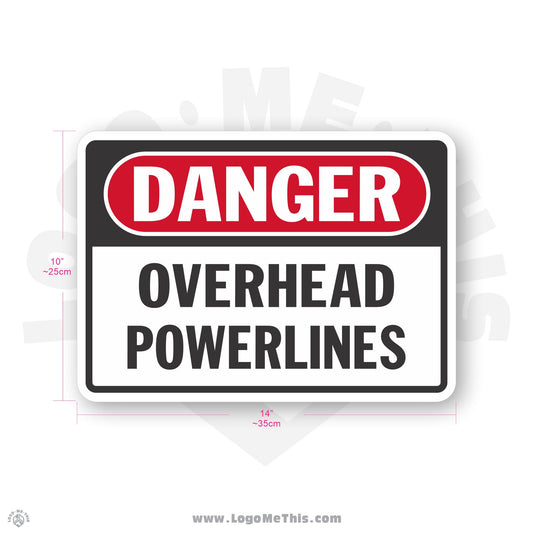 Overhead Powerlines, 10x14" Danger Sign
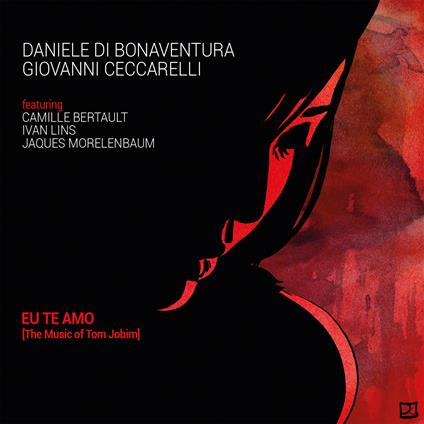 Eu te amo. The Music of Tom Jobim - CD Audio di Daniele Di Bonaventura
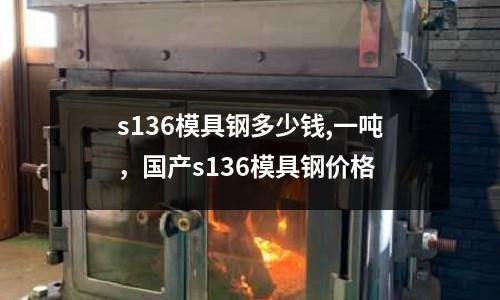 s136模具鋼多少錢,一噸,國產(chǎn)s136模具鋼價格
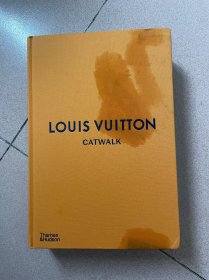 Louis Vuitton Catwalk: LV路易威登T台模特时尚服装秀The Complete Fashion Collections LV时尚服装摄影画册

INSTRUCTIONS FOR THE TASK: Could you write out exactly the lines running from the one with "Eu te amo. The" through the last line of the data above, both ends kept, and omit any picture?

FINISHED TASK:
 Eu te amo. The Music of Tom Jobim - CD Audio di Daniele Di Bonaventura
 s136模具鋼多少錢,一噸,國產(chǎn)s136模具鋼價格
 Louis Vuitton Catwalk: LV路易威登T台模特时尚服装秀The Complete Fashion Collections LV时尚服装摄影画册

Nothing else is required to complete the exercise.